▶ _Task instructions_
All entries must come back exactly as given, with no pictures in the copy.

——————————

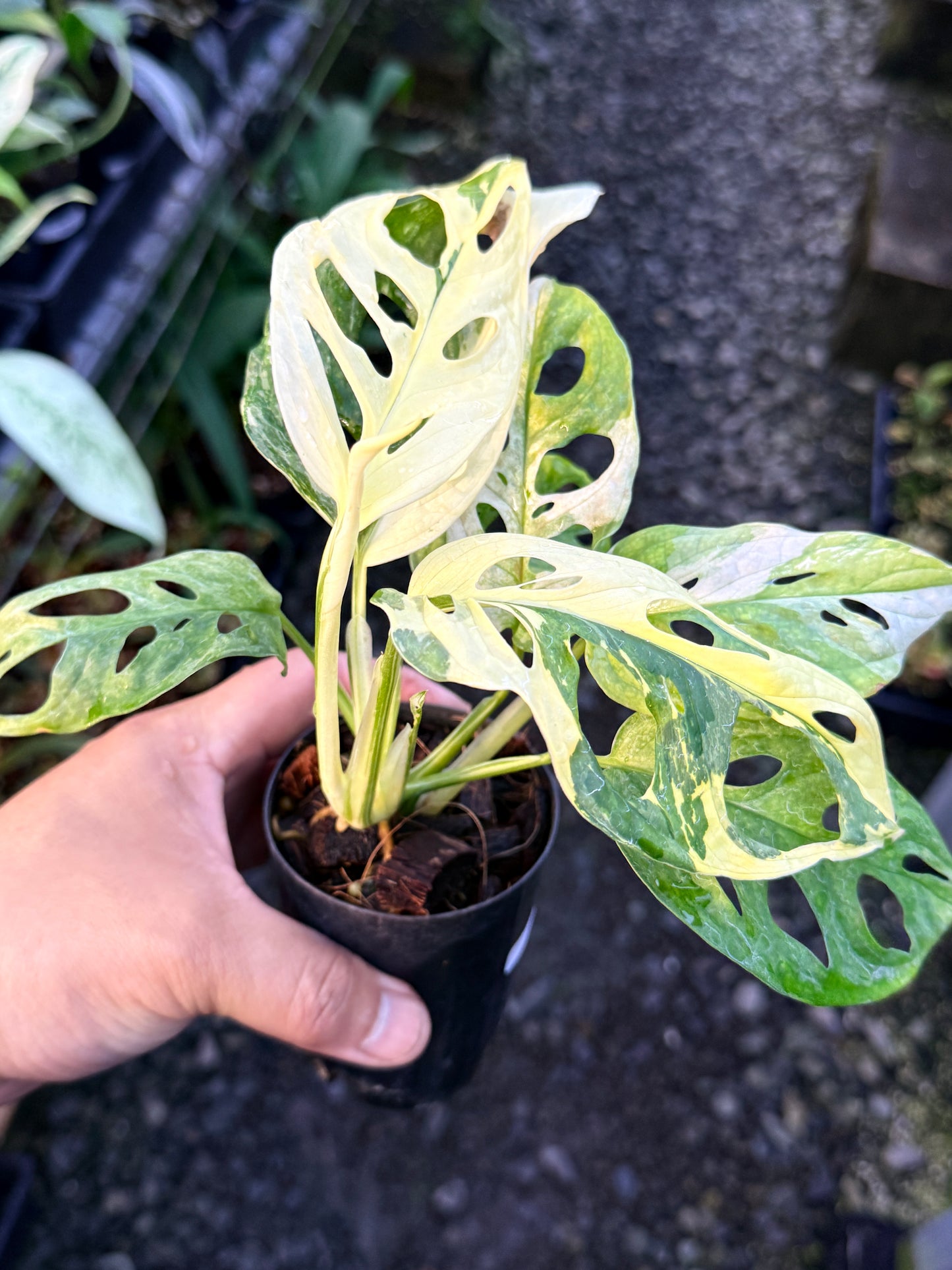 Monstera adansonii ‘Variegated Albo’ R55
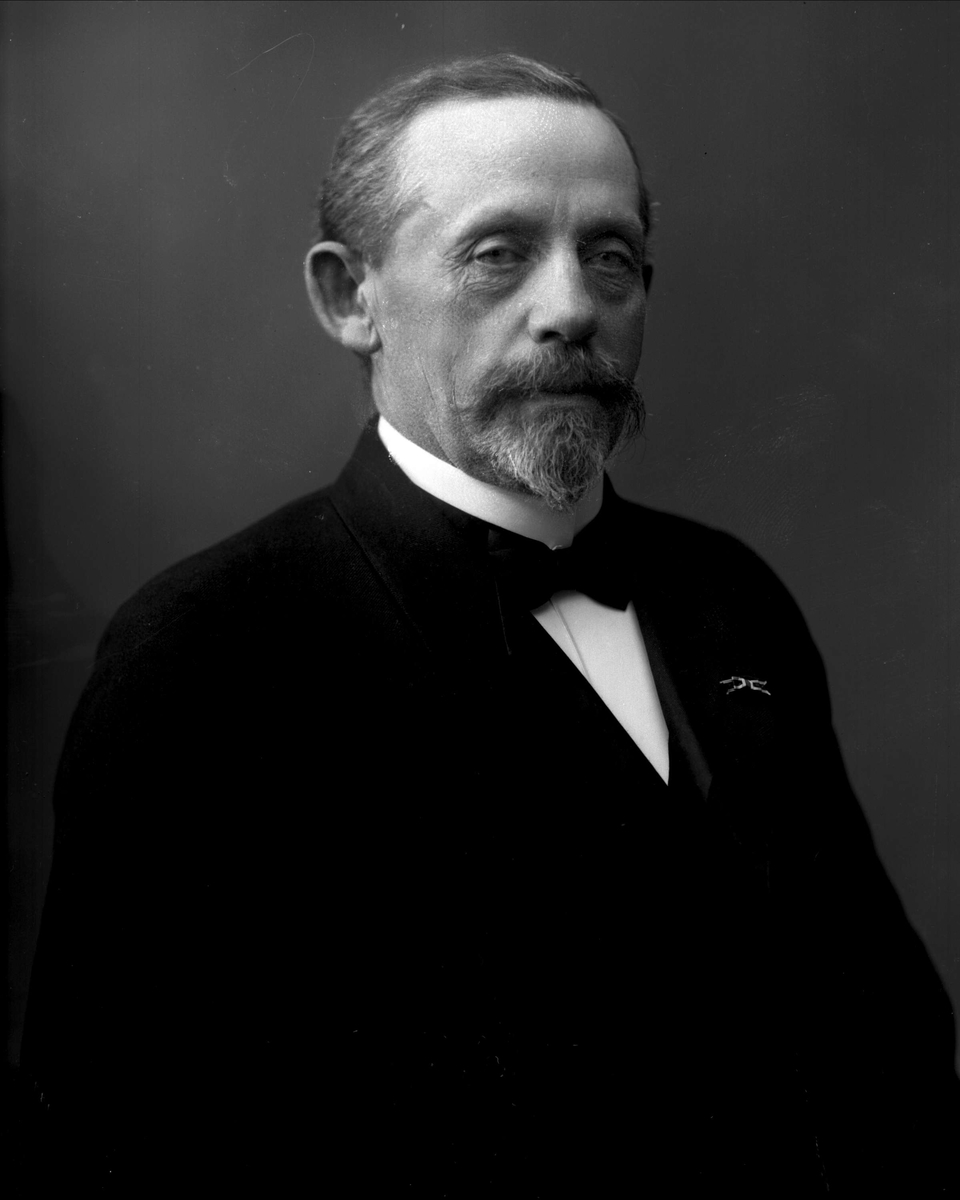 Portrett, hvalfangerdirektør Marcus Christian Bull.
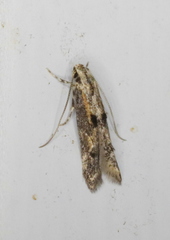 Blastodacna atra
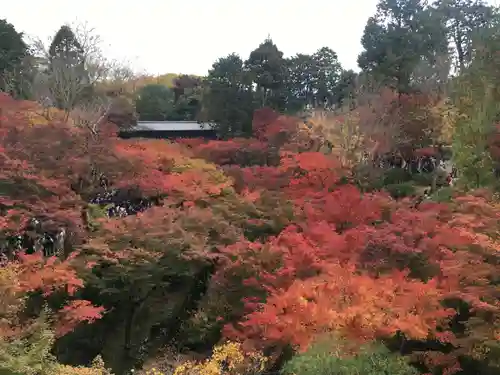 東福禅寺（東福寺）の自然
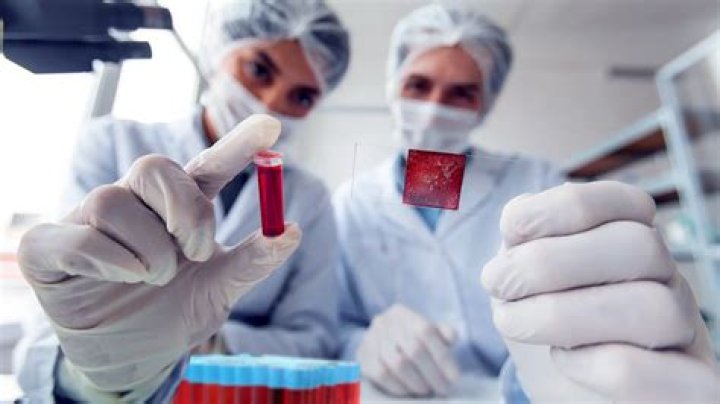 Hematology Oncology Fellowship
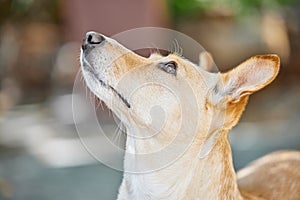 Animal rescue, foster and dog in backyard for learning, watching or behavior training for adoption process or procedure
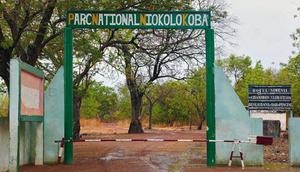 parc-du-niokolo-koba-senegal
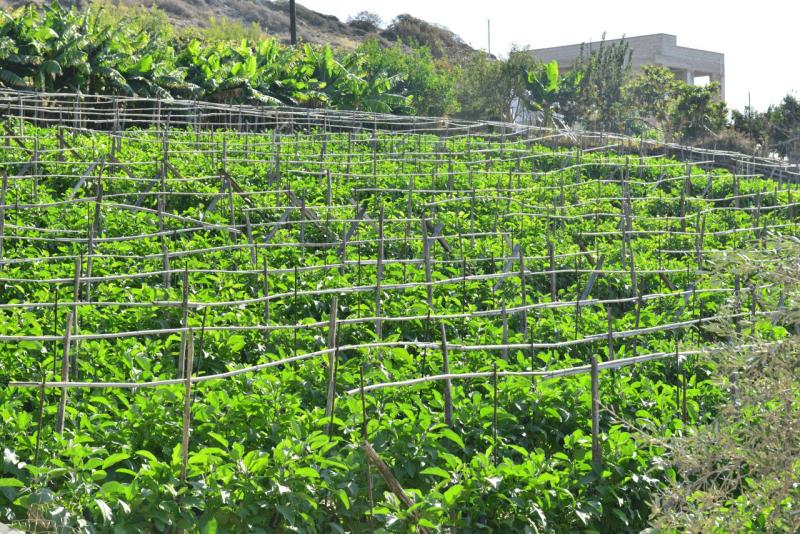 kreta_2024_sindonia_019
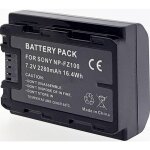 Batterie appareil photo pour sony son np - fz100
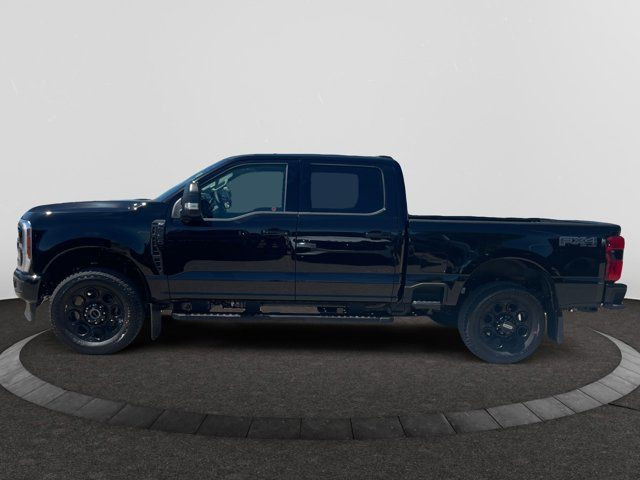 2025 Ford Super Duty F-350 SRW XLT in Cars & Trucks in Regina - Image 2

——————————

▶ _Reply_
 Monstera adansonii ‘Variegated Albo’ R55
 Portrett, hvalfangerdirektør Marcus Christian Bull.
 Blastodacna atra
 東福禅寺（東福寺）の自然
 Hematology Oncology Fellowship
 Animal rescue, foster and dog in backyard for learning, watching or behavior training for adoption process or procedure
 parc-du-niokolo-koba-senegal
 kreta_2024_sindonia_019
 Batterie appareil photo pour sony son np - fz100
 2025 Ford Super Duty F-350 SRW XLT in Cars & Trucks in Regina - Image 2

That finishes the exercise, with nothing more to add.